> Exercise:
Which lines below include the string "Brown"? Please show each one.

(Stored items from a collection)
*-*-*

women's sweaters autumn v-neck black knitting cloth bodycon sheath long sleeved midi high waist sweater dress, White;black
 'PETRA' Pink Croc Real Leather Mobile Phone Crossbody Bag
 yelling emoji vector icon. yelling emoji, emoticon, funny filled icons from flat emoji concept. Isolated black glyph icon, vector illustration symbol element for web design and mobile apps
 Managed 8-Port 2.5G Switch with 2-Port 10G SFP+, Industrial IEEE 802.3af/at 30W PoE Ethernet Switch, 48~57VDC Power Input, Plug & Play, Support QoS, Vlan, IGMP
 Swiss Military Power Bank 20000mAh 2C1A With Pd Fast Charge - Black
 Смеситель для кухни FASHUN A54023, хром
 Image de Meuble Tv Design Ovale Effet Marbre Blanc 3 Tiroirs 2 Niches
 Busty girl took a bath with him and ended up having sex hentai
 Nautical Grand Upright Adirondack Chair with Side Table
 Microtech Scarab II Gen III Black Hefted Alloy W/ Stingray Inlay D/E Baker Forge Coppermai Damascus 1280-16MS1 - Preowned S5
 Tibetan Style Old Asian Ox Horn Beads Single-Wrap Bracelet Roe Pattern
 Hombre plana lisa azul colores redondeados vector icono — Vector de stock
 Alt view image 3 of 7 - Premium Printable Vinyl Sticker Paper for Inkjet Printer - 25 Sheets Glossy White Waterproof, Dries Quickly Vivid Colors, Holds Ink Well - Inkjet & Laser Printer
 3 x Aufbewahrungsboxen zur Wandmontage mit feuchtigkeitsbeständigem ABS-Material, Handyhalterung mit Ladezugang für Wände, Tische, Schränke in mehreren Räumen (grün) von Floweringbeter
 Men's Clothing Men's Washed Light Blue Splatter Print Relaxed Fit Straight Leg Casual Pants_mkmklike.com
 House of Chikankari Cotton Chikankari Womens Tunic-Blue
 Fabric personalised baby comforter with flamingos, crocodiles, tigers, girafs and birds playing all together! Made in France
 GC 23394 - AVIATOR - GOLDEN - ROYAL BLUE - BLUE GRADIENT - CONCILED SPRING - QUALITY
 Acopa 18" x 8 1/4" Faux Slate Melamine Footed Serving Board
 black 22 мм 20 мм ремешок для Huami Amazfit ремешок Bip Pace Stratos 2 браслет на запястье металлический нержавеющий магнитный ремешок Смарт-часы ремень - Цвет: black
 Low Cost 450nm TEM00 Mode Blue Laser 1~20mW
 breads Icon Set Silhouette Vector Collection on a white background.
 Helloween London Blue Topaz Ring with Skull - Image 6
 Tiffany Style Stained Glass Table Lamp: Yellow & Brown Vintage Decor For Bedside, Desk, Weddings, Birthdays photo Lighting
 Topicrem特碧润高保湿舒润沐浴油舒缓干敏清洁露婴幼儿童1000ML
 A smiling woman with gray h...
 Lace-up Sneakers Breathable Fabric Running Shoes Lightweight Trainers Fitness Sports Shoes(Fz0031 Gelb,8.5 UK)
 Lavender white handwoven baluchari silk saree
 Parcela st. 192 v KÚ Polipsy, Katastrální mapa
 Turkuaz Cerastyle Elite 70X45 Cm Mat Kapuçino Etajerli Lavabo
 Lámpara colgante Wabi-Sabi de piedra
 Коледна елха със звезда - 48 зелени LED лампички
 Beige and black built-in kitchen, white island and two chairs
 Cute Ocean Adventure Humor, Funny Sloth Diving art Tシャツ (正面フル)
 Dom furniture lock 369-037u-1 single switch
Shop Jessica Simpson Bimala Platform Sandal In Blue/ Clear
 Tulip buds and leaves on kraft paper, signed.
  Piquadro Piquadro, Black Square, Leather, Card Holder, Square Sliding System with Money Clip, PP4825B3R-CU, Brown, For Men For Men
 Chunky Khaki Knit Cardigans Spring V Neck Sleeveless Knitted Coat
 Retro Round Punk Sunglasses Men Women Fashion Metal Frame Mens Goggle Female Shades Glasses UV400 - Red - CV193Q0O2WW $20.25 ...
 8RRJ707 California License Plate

*-*-*

> Exercise answer:
 Tiffany Style Stained Glass Table Lamp: Yellow & Brown Vintage Decor For Bedside, Desk, Weddings, Birthdays photo Lighting
  Piquadro Piquadro, Black Square, Leather, Card Holder, Square Sliding System with Money Clip, PP4825B3R-CU, Brown, For Men For Men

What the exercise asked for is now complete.